Right now you have control over the currency of your debt, like any real country, but after the PSI you will become no more than a province of the greater Eurozone, unable to modify your debt. Whether it is Brussels, Berlin, Washington or London that is calling the shots, you can be sure that after these negotiations and the next tranche from the Troika is in place, Athens will be powerless. Right now you have the power to lessen the debt burden by jumping the euro ship and valuing the new drachma at something like 50% of the current euro value. By doing this you have marked down the private sector and the public sector debt holders – this is a great advantage without even defaulting on those 94% written under Greek law. Don’t be shy, value the drachma aggressively lower, below where you think it should be, and then peg it. Euros will circulate together with the new drachma for a few days but Gresham’s Law guarantees that won’t last for long. When the euros are gone, drop the peg. The financial system will be a mess and the banks will be totally bankrupt. However, they are acting as if they already are, not making loans or assisting the economy in any way, so you won’t be losing too much, and you’re going to nationalize the banks anyway. It would be wonderful if the ECB helped out by supporting the new drachma for a year or so, but don’t count on it, as the Eurozone is in too much trouble to help. Remember, first one out is the winner and the pressure will shift to those remaining.
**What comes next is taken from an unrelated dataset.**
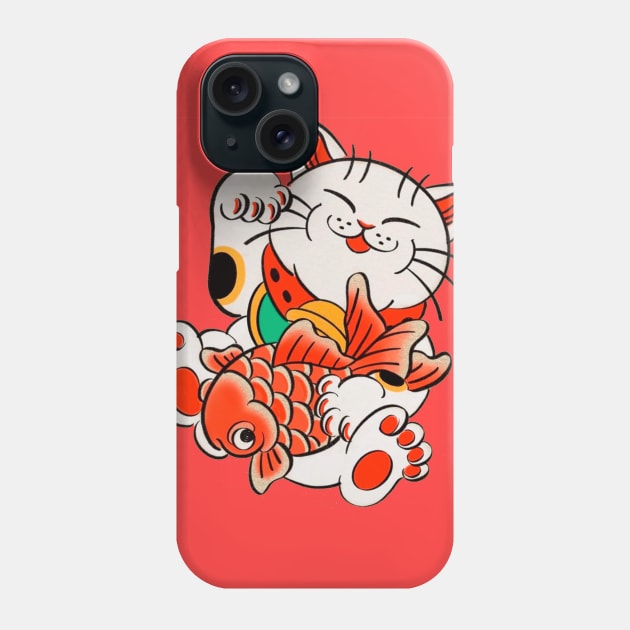 gato estilo japones con un pez Phone Case by Vekonn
The self-serving cacophony from Euro-officials and Eurozone politicians arguing that you will be far worse outside the euro than in it are only promoting their own interests – not yours. For the last decade, Greece has been a great place to sell products, and Greece has been less and less a competitor in the marketplace as it was priced out of Europe. They’ve been making a fortune while Greek manufacturing has collapsed. Most important, Greece has been priced out of the vacation market. Aegean bound visitors now head to Turkey and on the Adriatic side they go to Croatia. With the new drachma dropping prices, TUI, Thomson Travel, and the other package vacation outfits will flock to your beaches setting off a boom. The negative side is that BMWs will be very expensive, as will all other imported items, so there will be some deprivation and inflation. Although there will be aggressive wage demands, you don’t have to give in. You will be free again to choose your course.

The standard of living will drop for everyone, but the offset is that tourism will come to life, manufacturing will be profitable again and the real estate market will be humming. All of a sudden, Greece will be a country where it is possible to make a living. Turkey has been locked out of Europe and has had a great time.